Electronic Design Automation · PCB / Wire-harness CAD · MBSE
Last Close
¥4,820May 21, 2026
−17% from Jul-25 peak · +55% off Aug-24 trough
Market Cap / EV
¥101.6bn / ¥65.5bn EV
net cash ¥36.1bn (36% of cap) · FY3/26 total payout 134%
EV / EBIT · forward
9.8x
trailing 11.2x · vs Jul-25 peak ~15.5x fwd · low end of peer band
Return on capital · trailing
13%
FY3/24 10.6% → FY3/26 13.0% · expanding · cash-distorted (~50% ex-cash)
Operating margin
13.6% · FY3/26 reported
FY3/27 guide 14.6% · MTP FY3/28 target ~15.1% · expansion via SG&A leverage
Shares & Float
21.1M sh · ex-treasury
treasury 1.17M (5.3%) · Kaneko family 24% · Artisan 8.1% · 60d turnover ¥275M
01 · REGIME

Price Action · 24 Months

From the ¥3,115 trough of August 5, 2024 the share climbed to ¥5,820 by July 17, 2025 — an 87% move on a sequence of disclosures that proved the operating-leverage mechanic, restated the capital-return framework, and laid out a three-year mid-term plan. Nine months later the share had given back about a quarter, even as the company printed its fifth consecutive year of record sales and operating profit. The open question is what the next four quarters resolve about the multiple, the dividend floor, and the model-based systems engineering leg.

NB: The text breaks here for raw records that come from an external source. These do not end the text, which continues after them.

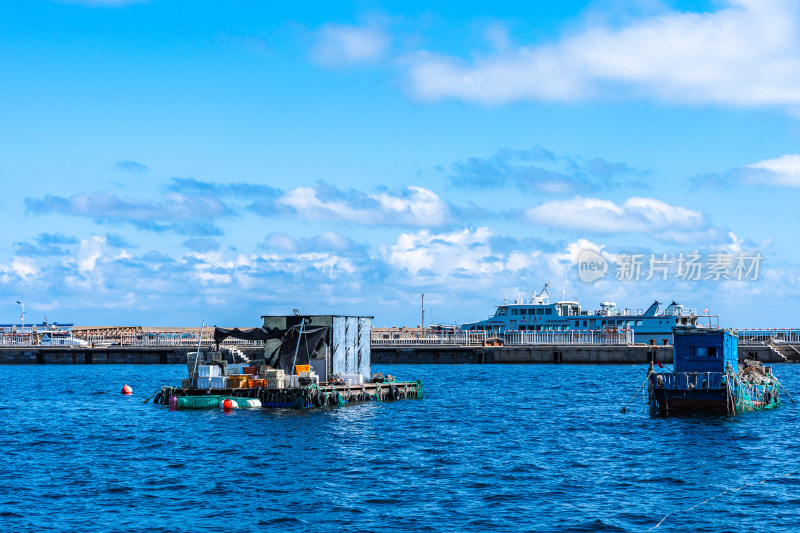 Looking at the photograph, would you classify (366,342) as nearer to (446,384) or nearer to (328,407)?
(328,407)

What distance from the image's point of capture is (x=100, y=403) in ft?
202

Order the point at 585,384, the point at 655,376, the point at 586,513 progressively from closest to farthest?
the point at 586,513
the point at 655,376
the point at 585,384

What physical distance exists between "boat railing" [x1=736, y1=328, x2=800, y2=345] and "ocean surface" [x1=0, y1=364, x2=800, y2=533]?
228 feet

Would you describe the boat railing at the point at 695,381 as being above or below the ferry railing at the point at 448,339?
below

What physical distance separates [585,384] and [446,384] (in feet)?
41.2

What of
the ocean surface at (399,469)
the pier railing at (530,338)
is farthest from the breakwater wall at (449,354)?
the ocean surface at (399,469)

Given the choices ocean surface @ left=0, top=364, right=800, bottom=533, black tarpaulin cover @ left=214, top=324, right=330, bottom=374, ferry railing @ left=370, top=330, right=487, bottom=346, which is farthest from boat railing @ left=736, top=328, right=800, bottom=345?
black tarpaulin cover @ left=214, top=324, right=330, bottom=374

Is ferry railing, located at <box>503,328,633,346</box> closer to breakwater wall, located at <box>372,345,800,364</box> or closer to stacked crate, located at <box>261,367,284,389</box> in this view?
breakwater wall, located at <box>372,345,800,364</box>

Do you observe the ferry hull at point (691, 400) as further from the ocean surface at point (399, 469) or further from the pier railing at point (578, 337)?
the pier railing at point (578, 337)

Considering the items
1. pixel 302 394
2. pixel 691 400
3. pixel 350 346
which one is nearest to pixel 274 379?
pixel 302 394

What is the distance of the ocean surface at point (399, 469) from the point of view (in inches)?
1037

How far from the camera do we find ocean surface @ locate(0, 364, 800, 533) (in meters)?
26.3

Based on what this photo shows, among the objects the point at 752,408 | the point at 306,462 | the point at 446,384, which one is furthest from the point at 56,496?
the point at 446,384

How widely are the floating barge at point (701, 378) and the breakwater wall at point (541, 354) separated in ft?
197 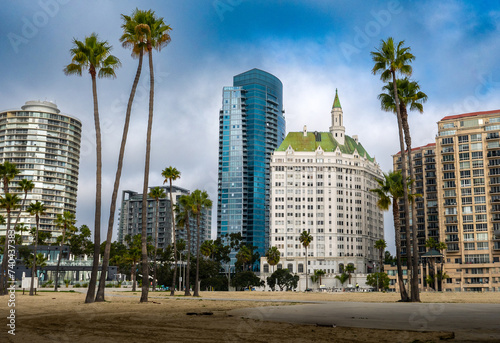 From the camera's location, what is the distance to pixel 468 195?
485 ft

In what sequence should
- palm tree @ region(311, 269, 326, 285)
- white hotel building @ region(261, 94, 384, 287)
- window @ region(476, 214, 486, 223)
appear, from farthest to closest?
white hotel building @ region(261, 94, 384, 287)
palm tree @ region(311, 269, 326, 285)
window @ region(476, 214, 486, 223)

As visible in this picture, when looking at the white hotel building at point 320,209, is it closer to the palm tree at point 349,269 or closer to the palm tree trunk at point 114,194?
the palm tree at point 349,269

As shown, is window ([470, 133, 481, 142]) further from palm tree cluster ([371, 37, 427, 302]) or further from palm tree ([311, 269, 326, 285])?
palm tree cluster ([371, 37, 427, 302])

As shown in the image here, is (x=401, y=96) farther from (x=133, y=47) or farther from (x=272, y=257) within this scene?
(x=272, y=257)

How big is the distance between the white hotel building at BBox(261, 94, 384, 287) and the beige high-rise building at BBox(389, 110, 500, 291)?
38.1m

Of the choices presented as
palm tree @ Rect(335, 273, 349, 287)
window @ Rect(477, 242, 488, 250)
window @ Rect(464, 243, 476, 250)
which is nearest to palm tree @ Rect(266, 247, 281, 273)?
palm tree @ Rect(335, 273, 349, 287)

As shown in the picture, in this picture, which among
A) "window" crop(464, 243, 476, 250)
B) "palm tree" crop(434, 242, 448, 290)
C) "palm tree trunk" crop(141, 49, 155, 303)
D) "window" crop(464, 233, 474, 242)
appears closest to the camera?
"palm tree trunk" crop(141, 49, 155, 303)

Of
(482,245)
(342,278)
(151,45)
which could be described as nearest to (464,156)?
(482,245)

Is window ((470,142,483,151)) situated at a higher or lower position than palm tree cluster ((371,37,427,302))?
higher

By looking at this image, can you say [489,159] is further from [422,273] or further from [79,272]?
[79,272]

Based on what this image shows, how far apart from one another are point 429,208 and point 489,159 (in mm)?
28026

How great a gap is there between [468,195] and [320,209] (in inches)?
2251

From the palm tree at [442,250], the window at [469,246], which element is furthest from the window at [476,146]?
the palm tree at [442,250]

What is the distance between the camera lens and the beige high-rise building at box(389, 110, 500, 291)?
13988cm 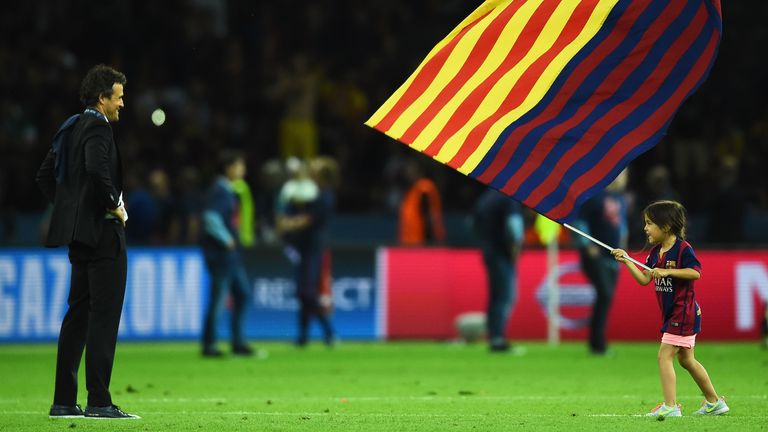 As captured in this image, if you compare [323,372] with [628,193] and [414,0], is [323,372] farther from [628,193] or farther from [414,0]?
[414,0]

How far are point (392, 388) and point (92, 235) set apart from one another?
4.20 m

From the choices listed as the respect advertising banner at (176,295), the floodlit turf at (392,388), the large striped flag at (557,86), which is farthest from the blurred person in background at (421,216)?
the large striped flag at (557,86)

6947 vs TOPIX · 24 months · daily candles + volume
Peak ¥5,820 · 2025-07-17 Trough ¥3,115 · 2024-08-05 Today ¥4,820
Zuken · daily candles 60-day SMA TOPIX rebased (1308.T) Volume

01 · THE RALLY Zuken sells the design-automation software that turns an electrical engineer's schematic intent into the physical artifact of a working circuit board, the wire harness running through an automobile, or the systems-engineering model behind a defense or aerospace program — a fifty-year engineering franchise built around five product families and an installed base measured in decades of locked-in design libraries at Japanese OEMs and at the European industrial and rail-equipment manufacturers that adopted the E3.series wire-harness toolchain after Zuken's 2006 CIM-TEAM transaction. The flywheel runs in three layers: a license sale of CR-8000 or E3.series, an attached Client Services contract that renews annually for the life of the install, and a DS-series engineering-data-management layer that compounds with each new design vintage. Client Services has climbed to 42.9% of FY3/26 revenue, growing +9.1% against the license book's +3.5%, and order backlog at fiscal year-end reached ¥26.22bn (+25%) — roughly six months of forward revenue locked. The rally that took the share from ¥3,115 on August 5, 2024 to ¥5,820 on July 17, 2025 sat on three disclosures: the November 2024 introduction of a DOE-≥5% capital-return floor, the May 2025 FY3/25 print of operating profit up 12.4% against revenue up 5.9% that confirmed real operating leverage from segment mix toward Client Services and Japan, and the simultaneous announcement of a fresh ¥3bn buyback alongside a three-year mid-term plan targeting ¥49bn revenue and ¥7.4bn operating profit by FY3/28.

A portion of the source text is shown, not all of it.